Act-alliance Report Exposes Failure of Industry-led "Climate Smart Agriculture”

A new report by Act Alliance - a coalition of 146 churches and faith-based organisations working together in over 100 countries - shows that "Climate Smart Agriculture” (CSA) is driven by agribusiness interests not small-scale family farmers, ignores agroecological solutions, and fails to tackle the industrial food system’s reliance on fossil fuels and massive contribution to the causes of climate change. You can download it here. 

Their analysis shows that the climate-smart agriculture framework initially developed by FAO and now promoted mainly by the Global Alliance on Climate-Smart Agriculture (GACSA), has failed to address the root causes of climate vulnerability and agriculture-based greenhouse gas emissions.

There are three major reasons for this failure:

  • First, the GACSA-initiative is mainly driven by agri-business interests instead of those of small-scale and family farmers.
  • Second, and partly explained by the dominance of agribusiness interests, the Alliance does not give primary consideration to agro-ecological solutions to climate resilience, despite the growing body of evidence showing the potential of these approaches to build climate resilience.
  • Thirdly, the Alliance has failed to tackle the structural causes that underlie both the vulnerability of the world’s smallholder food producers to climate change as well as the contribution of the industrial agricultural sector to climate change. Also, GACSA does not attempt to wean the current food system off its dependence on fossil energy.
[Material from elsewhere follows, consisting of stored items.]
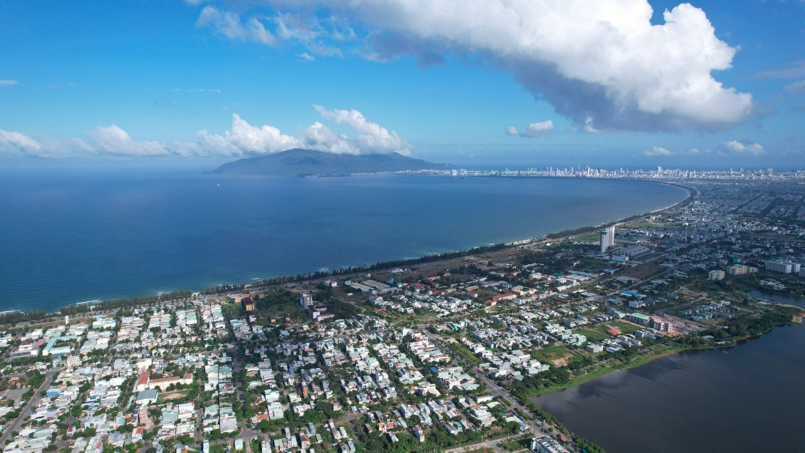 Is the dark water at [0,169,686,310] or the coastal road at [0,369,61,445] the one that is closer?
the coastal road at [0,369,61,445]

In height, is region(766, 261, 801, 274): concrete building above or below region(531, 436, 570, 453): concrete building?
above

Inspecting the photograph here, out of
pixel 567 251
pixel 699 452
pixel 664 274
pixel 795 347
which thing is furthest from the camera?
pixel 567 251

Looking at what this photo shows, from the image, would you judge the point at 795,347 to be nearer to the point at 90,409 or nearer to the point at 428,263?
the point at 428,263

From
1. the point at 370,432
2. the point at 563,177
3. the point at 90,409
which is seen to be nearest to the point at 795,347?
the point at 370,432

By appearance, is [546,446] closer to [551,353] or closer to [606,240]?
[551,353]

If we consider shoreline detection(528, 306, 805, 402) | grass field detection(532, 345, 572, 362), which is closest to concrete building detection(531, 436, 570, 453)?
shoreline detection(528, 306, 805, 402)

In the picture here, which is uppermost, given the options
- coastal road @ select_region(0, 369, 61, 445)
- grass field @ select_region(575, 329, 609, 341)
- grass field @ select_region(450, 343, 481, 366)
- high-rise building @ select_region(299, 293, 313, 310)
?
high-rise building @ select_region(299, 293, 313, 310)

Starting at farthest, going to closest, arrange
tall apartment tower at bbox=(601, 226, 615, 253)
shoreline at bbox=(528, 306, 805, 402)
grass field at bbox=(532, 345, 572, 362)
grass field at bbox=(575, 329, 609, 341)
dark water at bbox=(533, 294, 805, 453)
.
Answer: tall apartment tower at bbox=(601, 226, 615, 253) < grass field at bbox=(575, 329, 609, 341) < grass field at bbox=(532, 345, 572, 362) < shoreline at bbox=(528, 306, 805, 402) < dark water at bbox=(533, 294, 805, 453)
Based on the analysis in this report, ACT EU Alliance believes that the climate-smart agriculture brand and GACSA, its main promoter, do not provide the guidance and leadership required for the radical transformation needed to fix a broken food system and implement the right to food for all while also mitigating and adapting to climate change. Instead, the principles promoted by the food sovereignty and agroecological movements, which are holistic, ecologically sound, and socially just are the way forward to build climate resilience and transform the agricultural system, both of which are fundamental to achieving the global sustainable development goals outlined in Agenda 2030.

The agricultural production models promoted under the concepts of agroecology and food sovereignty are optimal for both climate change mitigation and adaptation given that they are locally adapted, diverse, use resources sustainably, offer decent livelihoods to smallholders and have the potential to reduce greenhouse gas emissions to a far greater extent than conventional models. Therefore, these principles and models should be supported by climate funds.

The authors  recommend that:

  • Any bilateral and multi-lateral climate finance flows should support bottom up, communitydriven climate adaptation solutions.
  • Climate funds should not support technologies and approaches that increase the dependence of family and small-scale farmers on costly inputs.
  • The funds should prioritise support projects in line with principles of agroecology and food sovereignty.
  • Climate change mitigation initiatives in the agriculture sector should focus primarily on transforming and phasing-out the industrial agriculture system.
  • National mitigation and adaptation should respect a list of criteria to support transformational change towards agroecology, ensuring food security and sovereignty, restoring ecosystems and biodiversity, as well as defending human rights.